Reward Functions vs. Value Functions

The reward indicates the immediate desirability of states or actions, while a value function represents the long-term desirability of states, taking into account future rewards and states. The value is the expected return if you start in a state or state-action pair, and then act according to a particular policy forever after.

There are many different ways of choosing value functions. They can also be discounted over time, i.e. future rewards are worth less by some factor (0,1) .

Following is one simple formulation is the discounted sum of future rewards given some policy.
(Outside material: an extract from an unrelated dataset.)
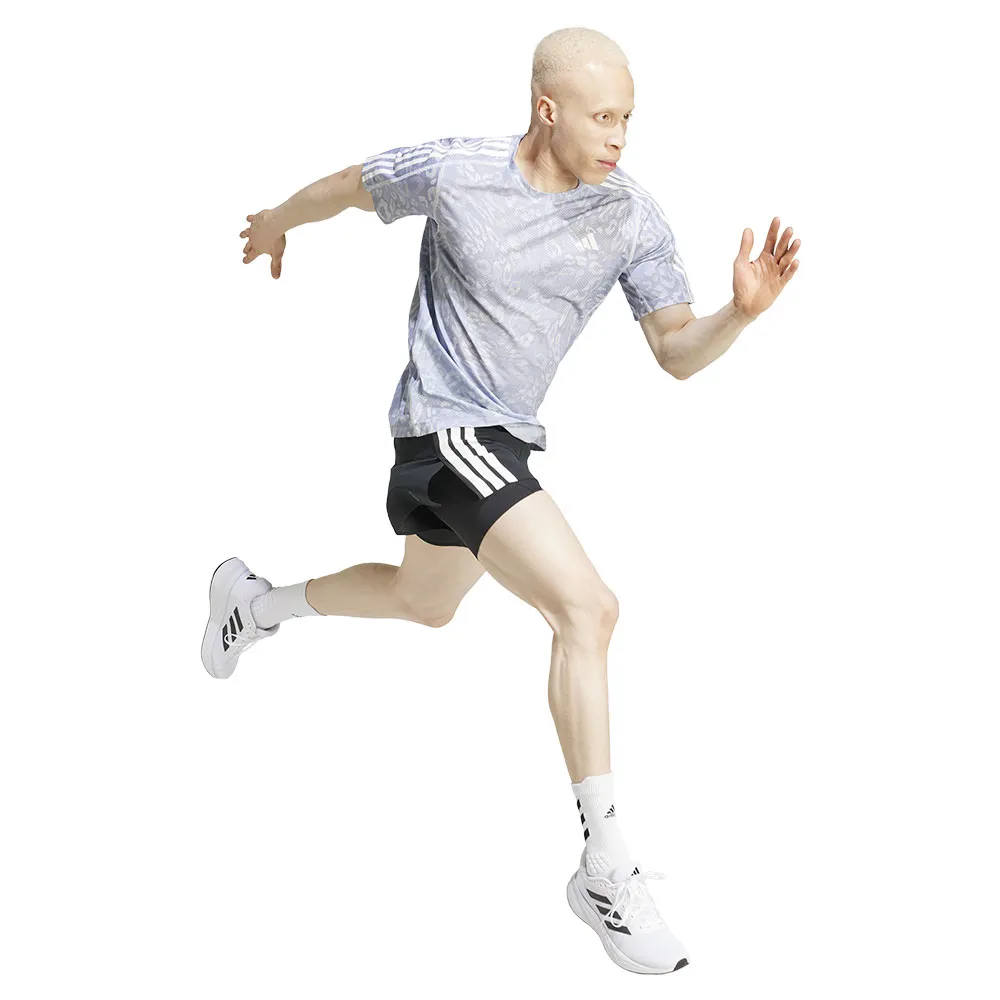 adidas Own The Run Climacool 3 Stripes T-shirt Med Korta ärmar male adidas Own The Run Climacool 3 Stripes T-shirt Med Korta ärmar male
The cumulative discounted rewards are given by:

\[R = r_t + \gamma r_{t+1} + \gamma^{2} r_{t+2} + \ldots = \sum_{t=0}^{\inf}{\gamma^{t}r_t}\]

And the value of acting according to this policy is given by:

\[V^{\pi}(s_t=s) = E_{\pi}(R|s_t=s)\]

Reward Functions vs. Utility Functions

It is also worth distinguishing the concept of utility from reward and value. A reward function is typically used in the context of RL to guide the agent's learning process and behavior. In contrast, a utility function is more general and captures the agent's subjective preferences or satisfaction, allowing for comparisons and trade-offs between different world states. Utility functions are a concept that is used more in the field of decision theory and agent foundations work.